GCD with prime factorisation demonstration

Question

Let $$a=p_{1}^{\alpha_{1}}...p_{r}^{\alpha_{r}}$$ be prime factorisation of a.

Let $$b=p_{1}^{\beta_{1}}...p_{r}^{\beta_{r}}$$ be prime factorisation of b.
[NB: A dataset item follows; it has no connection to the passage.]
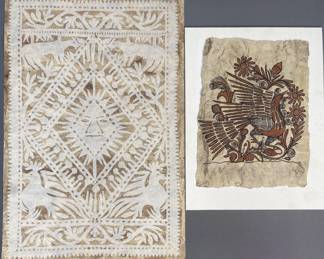 Mexican Bark Paintings Rooster & Sun Set of Two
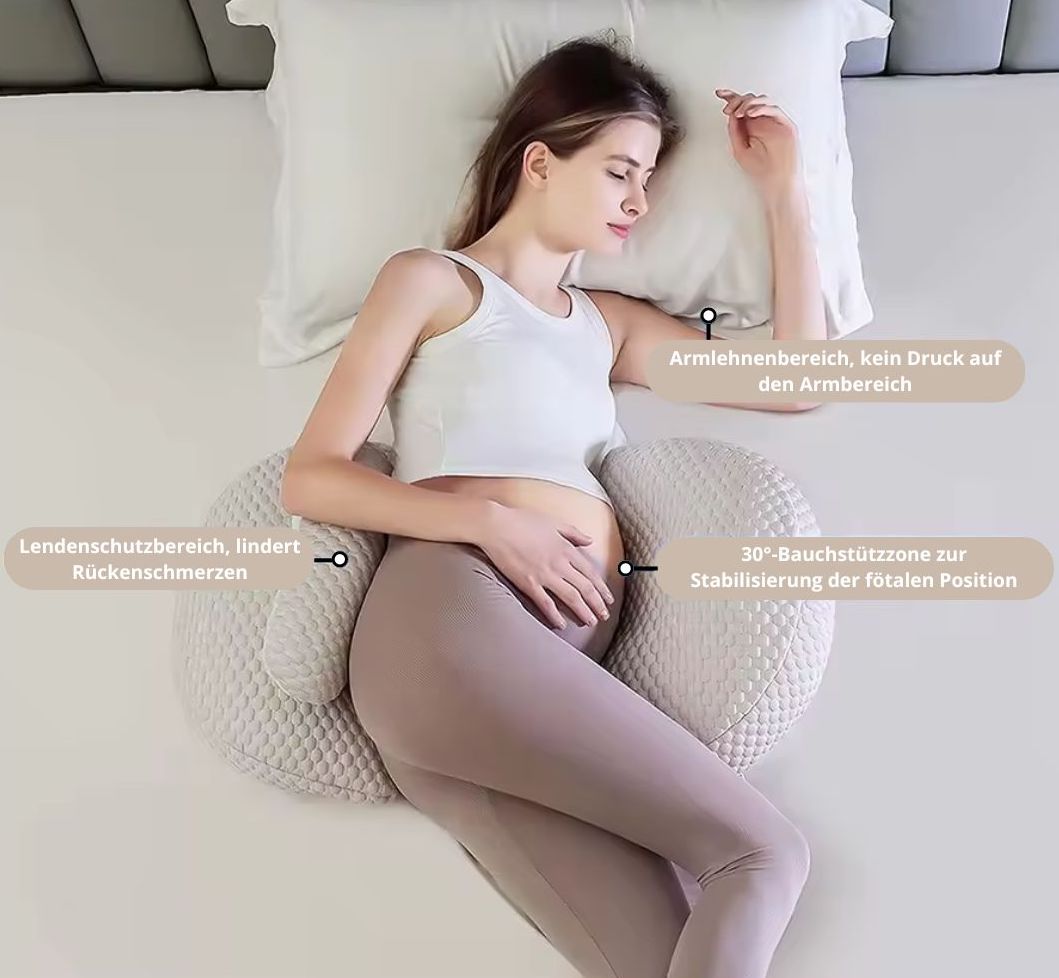 MammaComfort ergonomic pregnancy pillow offers soft belly & back support, washable cover, also useful as nursing aid.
Let $$\gamma_{i}= Min(\alpha_{i},\beta_{i}), i=1,...,r$$

Show that $$GCD(a,b)=p_{1}^{\gamma_{1}}...p_{r}^{\gamma_{r}}$$

Any suggestions?

Answer 1

Let $GCD(a,b)=d=p_{1}^{\lambda_{1}}......p_{r}^{\lambda_{r}}. $ Let ${\lambda_{i}\geq\gamma_{i}}.$ Then $p_{i}^{\alpha_{i}}\leq p_{i}^{\lambda_{i}}.$ Hence $p_{i}^{\lambda_{i}} $will not devide $p_{i}^{\alpha_{i}}$. hence D will not devide a. Thus d is not GCD. Hence $\lambda_{i}=\gamma_{i}$

Answer 2

1. Show that it is a divisor of both $a$ and $b$
2. Show that no larger number is a divisor of both at the same time

For this you need to know how to tell from the prime factorisation whether one number divides another. Do you know how to do that?

Answer 3

let$\gamma_i\gt\min(a_i,b_i)$ then it GCD won't divide $a_i or b_i$

which is a contradiction to definition of GCD